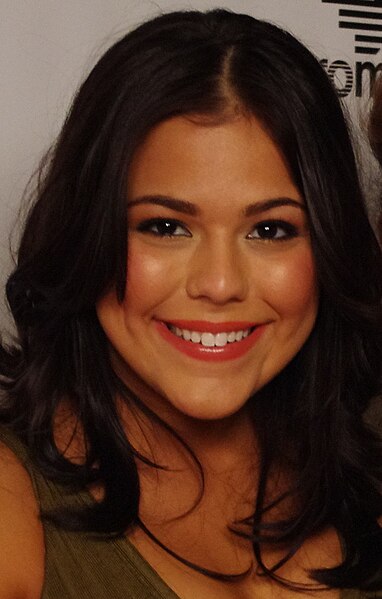 File:Shaina Sandoval at her first premiere (cropped).jpg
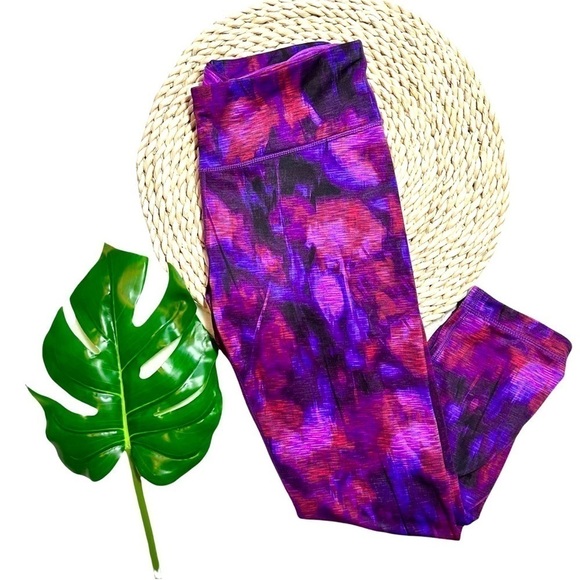 90 Degree By Reflex Pants - 90 Degree Reflex Purple Pink Printed Reversible Yoga Legging Capri Tight Small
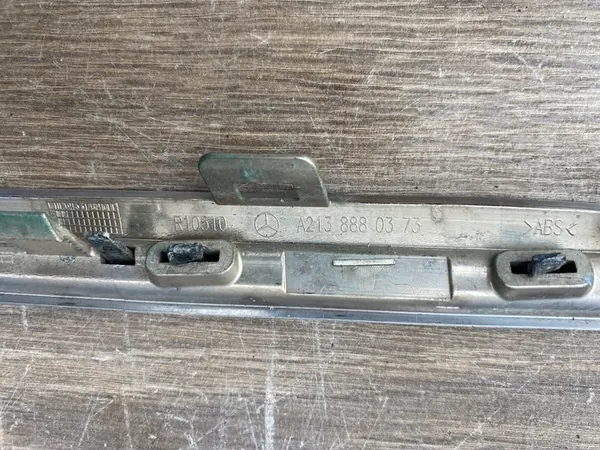 Ensemble de chrome de calandre Mercedes E 213 image 4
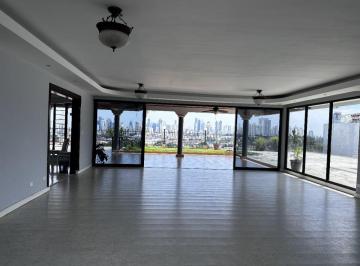 Casa de 4 habitaciones, Panamá · Amplia Casa con Piscina, de 4 Recámaras en Sector de Excelente Altura y Nivel: Betania - El Dorado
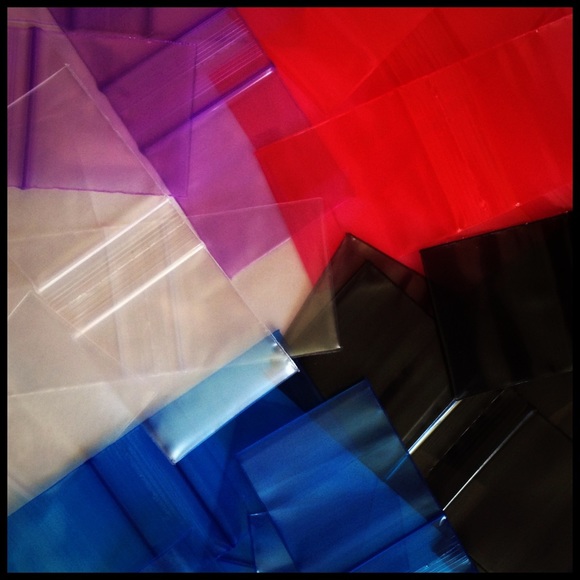 Orange Colored Color Apple Brand 200 Baggies - Picture 3 of 3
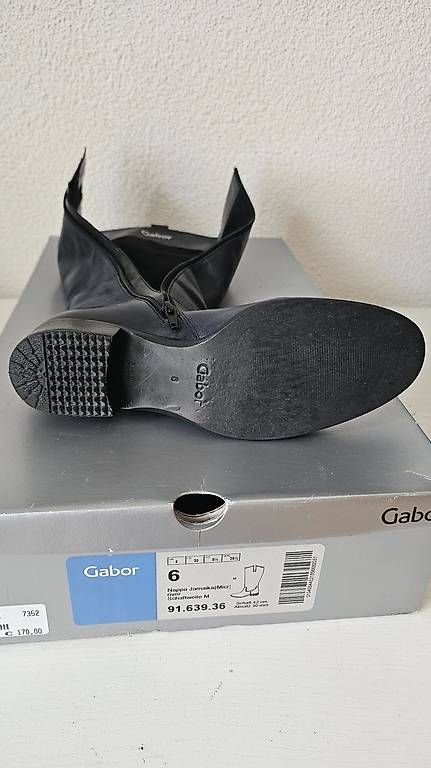 Scarpe da donna: Gabor Echtleder Stiefel, schmaler Schaft 34.5 cm – Usato da Sursee venduto da nei_7klk 1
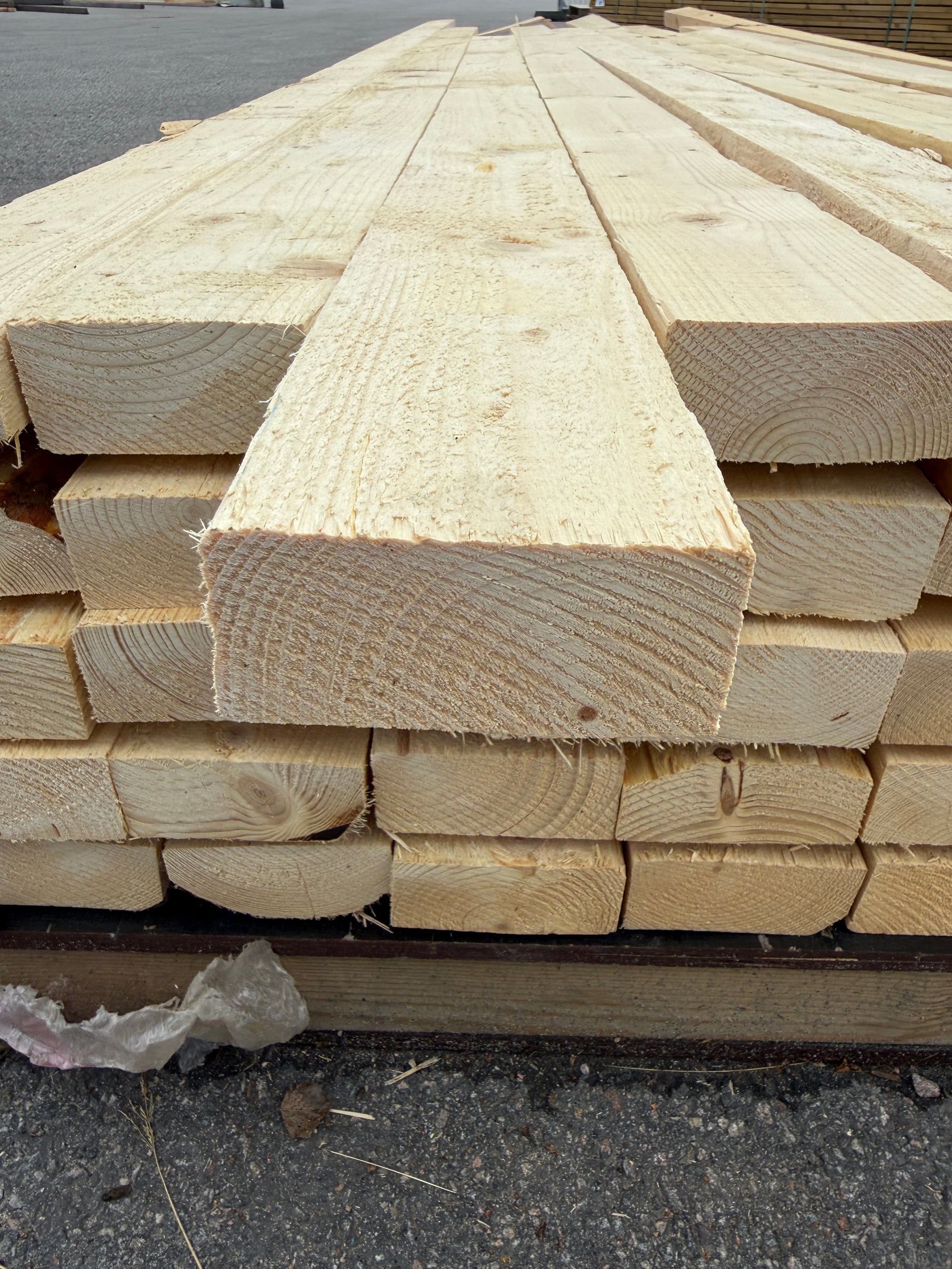 Paket Ohyvlade Reglar 47×100 mm – 50 st (2,40-3,90m)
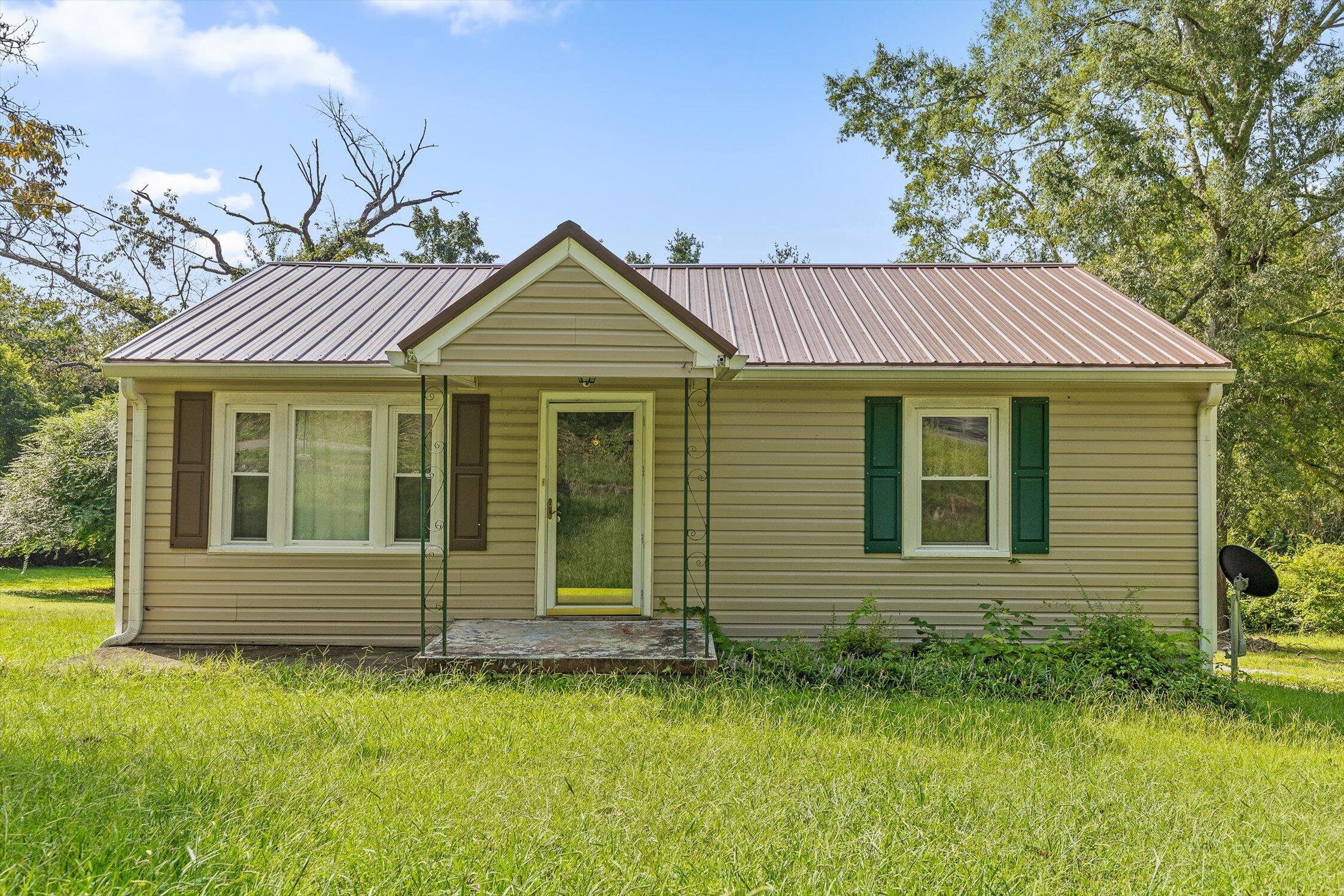 Rossville, Georgia 30741, United States, 2 Bedrooms Bedrooms, ,1 BathroomBathrooms,Residential,Active,197433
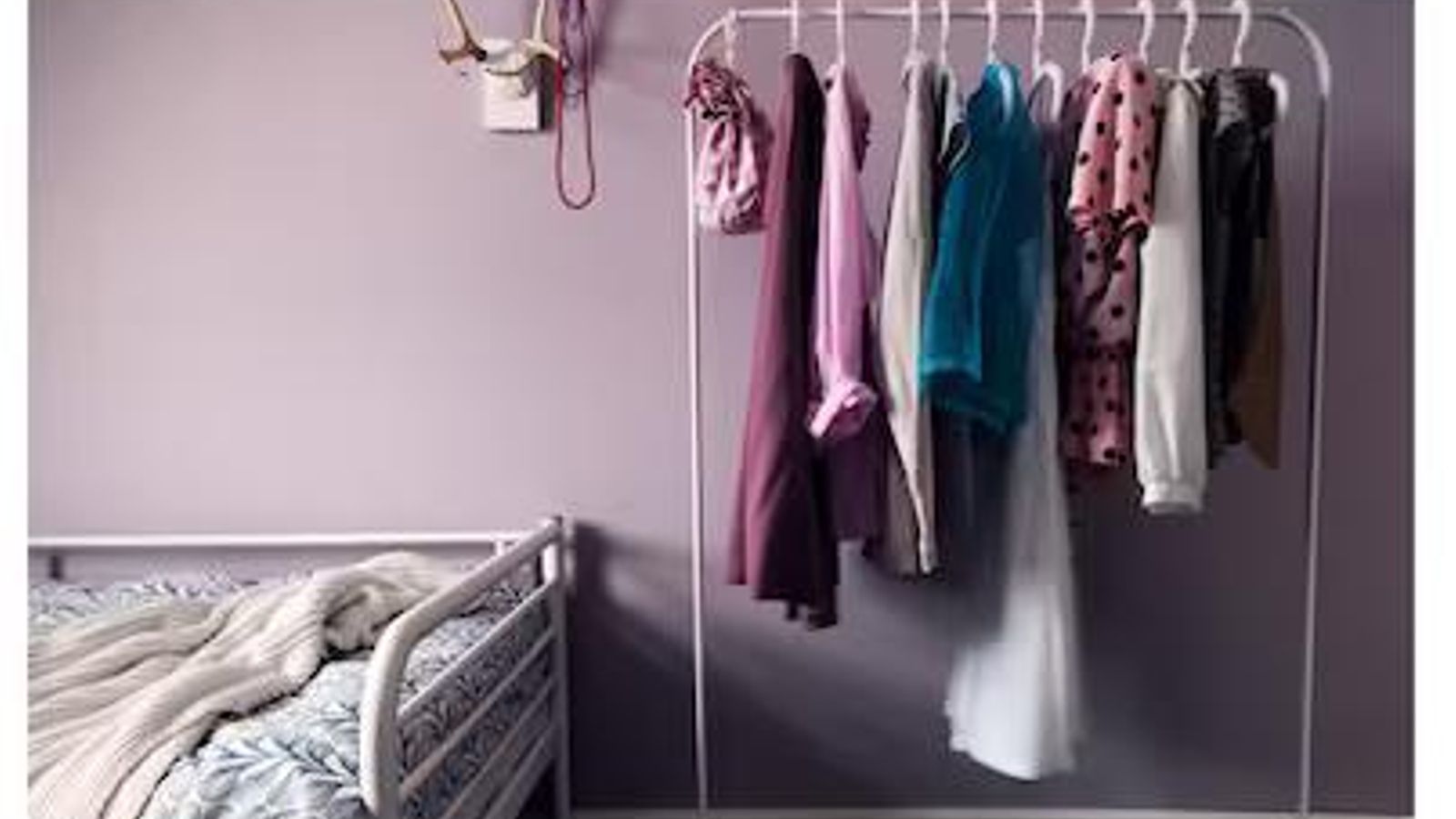 El burro de Ikea de 9 euros para vestidos largos.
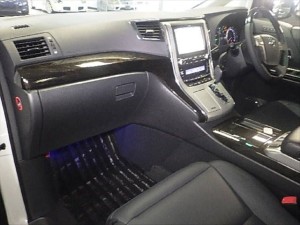 2014-toyota-vellfire-zr-g-edition-auction-interior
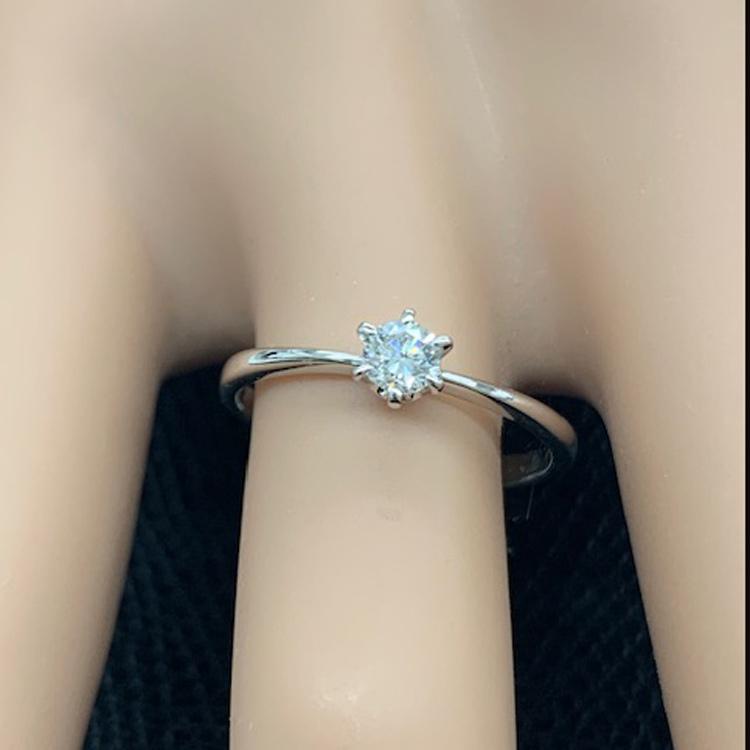 在庫限りのお得な商品 K18 WG ダイヤモンドリング Dカラー 約0.2ct 18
* * * *
The task: Transcribe exactly the lines from the one holding "El burro de" through the final line of the material above, both ends included; any pictures should be dropped.

Written answer:
 El burro de Ikea de 9 euros para vestidos largos.
 2014-toyota-vellfire-zr-g-edition-auction-interior
 在庫限りのお得な商品 K18 WG ダイヤモンドリング Dカラー 約0.2ct 18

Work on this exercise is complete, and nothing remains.